Qī fó zànbài jiātā 七佛讚唄伽他
Hymn-Stanzas in Praise of the Seven Buddhas (Saptabuddhastotra) by 法天 (Fǎtiān / Dharmadeva, 譯)
About the work
A one-juǎn Northern-Sòng translation of an Indian Saptabuddhastotra — a hymn in praise of the seven past buddhas (the saptatathāgata sequence: Vipaśyin, Śikhin, Viśvabhū, Krakucchanda, Kanakamuni, Kāśyapa, and Śākyamuni). Translated by 法天 Fǎtiān (Dharmadeva, d. 1001). The Sanskrit title is Saptabuddhastotra (alternative Saptajinastava).
Structural Division
CANWWW (T32N1682) lists no internal sub-divisions and no related-text pointers.
Abstract
The seven-buddhas sequence is one of the canonical Buddhist devotional themes, attested already in the Mahāpadāna-sutta and the Cháng āhán (Dīrgha Āgama, KR6a0001) Dà běn jīng 大本經. The present stotra is a verse hymn praising each of the seven in turn. Comparable Indian stotras survive in Sanskrit and Tibetan witnesses; this Sòng Chinese version represents the Tang/Sòng-period reception of the genre.

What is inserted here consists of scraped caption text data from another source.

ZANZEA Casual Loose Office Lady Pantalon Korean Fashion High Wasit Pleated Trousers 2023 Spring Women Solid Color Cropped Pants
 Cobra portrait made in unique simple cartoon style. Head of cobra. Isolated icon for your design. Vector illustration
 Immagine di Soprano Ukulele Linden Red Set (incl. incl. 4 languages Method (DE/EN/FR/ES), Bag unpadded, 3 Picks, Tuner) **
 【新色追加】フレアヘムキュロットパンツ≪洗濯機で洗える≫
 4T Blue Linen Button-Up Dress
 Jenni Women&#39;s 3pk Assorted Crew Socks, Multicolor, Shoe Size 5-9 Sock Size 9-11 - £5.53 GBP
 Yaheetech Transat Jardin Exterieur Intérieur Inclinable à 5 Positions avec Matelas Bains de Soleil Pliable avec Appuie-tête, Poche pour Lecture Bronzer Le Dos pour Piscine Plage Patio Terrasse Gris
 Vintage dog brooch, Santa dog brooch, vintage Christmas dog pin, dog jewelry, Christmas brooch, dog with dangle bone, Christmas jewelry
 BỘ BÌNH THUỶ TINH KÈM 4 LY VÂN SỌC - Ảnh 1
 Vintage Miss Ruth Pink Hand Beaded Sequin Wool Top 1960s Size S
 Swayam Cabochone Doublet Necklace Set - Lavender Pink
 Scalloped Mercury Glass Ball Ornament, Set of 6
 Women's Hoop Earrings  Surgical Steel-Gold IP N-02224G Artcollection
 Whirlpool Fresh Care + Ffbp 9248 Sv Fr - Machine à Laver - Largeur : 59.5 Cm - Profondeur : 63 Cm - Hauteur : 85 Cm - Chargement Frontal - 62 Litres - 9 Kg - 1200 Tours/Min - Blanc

Fǎtiān’s translation career began at Pújīn 蒲津 in Hézhōng prefecture in the early 970s — his earliest known translation, the Qī fó zàn 七佛讚, was made there with the local Sanskritist Fǎjìn 法進. Whether the present Qī fó zànbài jiātā is identical with or distinct from that early Qī fó zàn is unclear; the transmission history may have produced variant titles for substantively the same work. The composition window is Fǎtiān’s full career, 973–1001. The Taishō uses 金臧廣勝寺本 as base.
Translations and research
- No substantial dedicated secondary literature located on this specific text.
- Skilling, Peter. Mahāsūtras: Great Discourses of the Buddha. Oxford: Pali Text Society, 1994. — Background on the seven-buddhas tradition.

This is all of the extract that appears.